Behind The Flying Saucers-The Truth About the Aztec UFO Crash By Frank Scully
Posted: 15:10 September 5, 2008
Frank Scully's "Behind the Flying Saucers" was originally published in 1950 and became an instant bestseller. It was the first nonfiction hardback book published on the then quite new subject of crashed UFOs and holds up very well today after the passage of nearly 60 years.

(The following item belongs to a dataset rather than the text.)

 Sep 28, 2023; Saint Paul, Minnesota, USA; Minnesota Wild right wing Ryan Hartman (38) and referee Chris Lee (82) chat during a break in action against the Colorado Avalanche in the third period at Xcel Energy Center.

"Behind The Flying Saucers," which has recently been reprinted by Timothy Green Beckley at Global Communications, tells the complicated story of the crash of a flying saucer in Aztec, New Mexico, in March of 1948. The ship itself was largely undamaged, but the dead bodies of 14 to 16 small aliens were reported to have been found alongside the spacecraft. The aliens were described as being like "little men," similar to the grays of our own time, which was unusual in an age when contactees would soon after be regaling the media with visits by blonde, human-looking Venusians.
Scully, a reporter at the time for Hollywood's "Variety" newspaper, came by his information in what would prove to be a controversial way. Screen legend Linda Darnell and her husband, cinematographer Peverly Marley, urged him to contact a wealthy oil man named Silas Newton, who had a story for Scully that he shouldn't pass up. Newton was well-known among the denizens of Hollywood, as was Scully, who had inspired trust in all the celebrities he wrote about for "Variety."

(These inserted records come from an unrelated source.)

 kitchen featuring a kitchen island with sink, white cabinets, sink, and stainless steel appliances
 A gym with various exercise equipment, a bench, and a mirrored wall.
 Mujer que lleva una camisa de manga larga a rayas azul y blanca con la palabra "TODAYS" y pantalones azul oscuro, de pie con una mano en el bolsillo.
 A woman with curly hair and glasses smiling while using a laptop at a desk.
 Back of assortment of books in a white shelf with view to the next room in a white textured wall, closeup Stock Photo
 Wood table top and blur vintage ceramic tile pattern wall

Scully met with Newton, as Darnell had recommended, and was impressed enough by Newton's story and the testimony of a scientist named "Dr. Gee" to give the Aztec crash story a book-length treatment.

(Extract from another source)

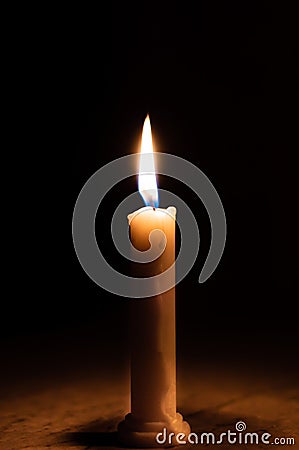 A table lit by a candle in a dark room Stock Photo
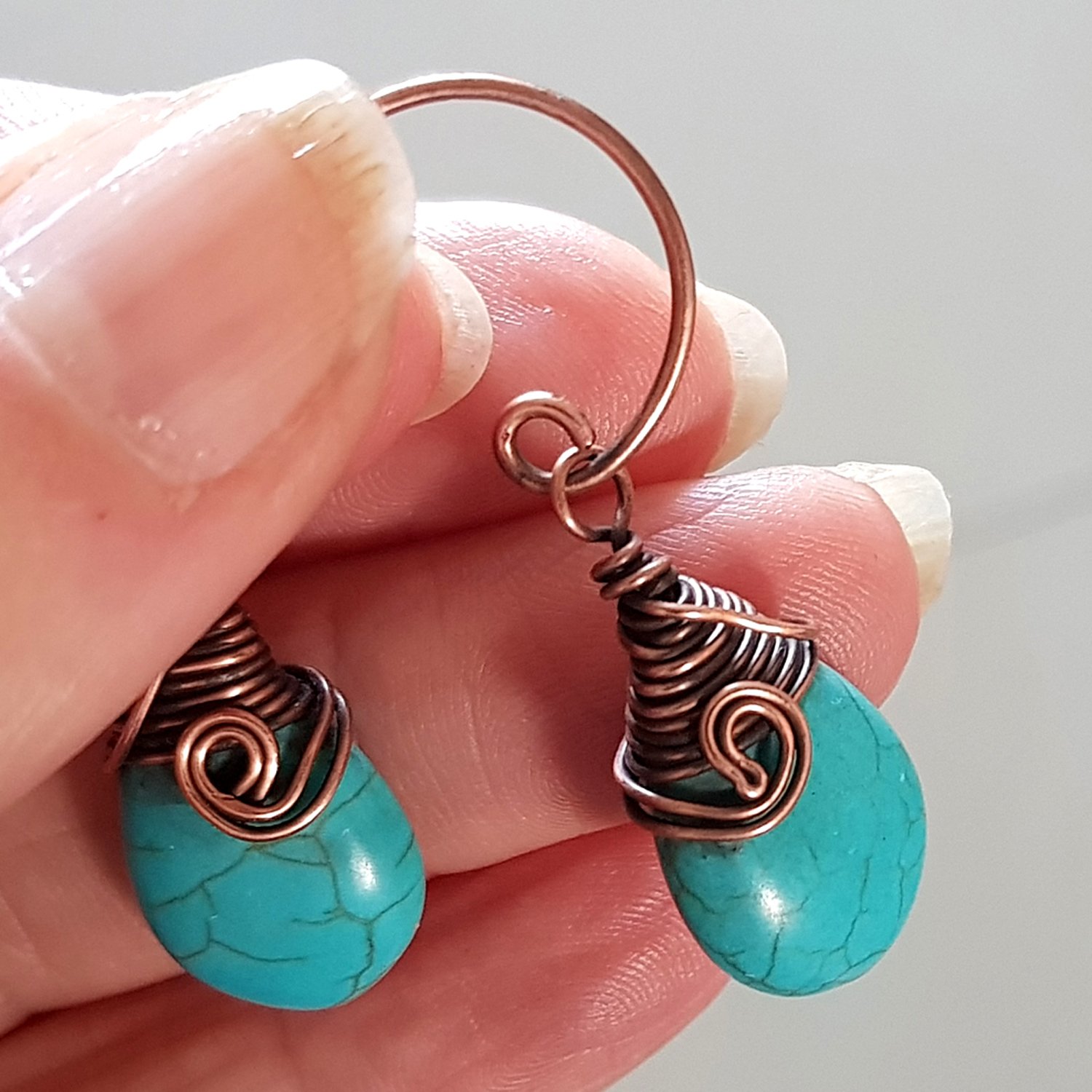 Turquoise blue howlite earrings with copper wire wrapping and handmade circle ear wires, elegantly displayed in a velvet pouch.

Things seemed to be going rather well for Scully as he reaped enormous book sales and brought the truth of crashed UFOs to a public eager to learn more about the mysterious craft appearing in our skies with alarming regularity. But a couple of years after the publication of "Behind The Flying Saucers," a reporter from "The San Francisco Chronicle," J.P. Cahn, who had jealously tried to buy Scully's story from him before the book's publication, wrote an expose for "True Magazine" in which he "revealed" that Silas Newton was an out and out conman and the mysterious "Dr. Gee" was really his partner-in-crime Leo GeBauer.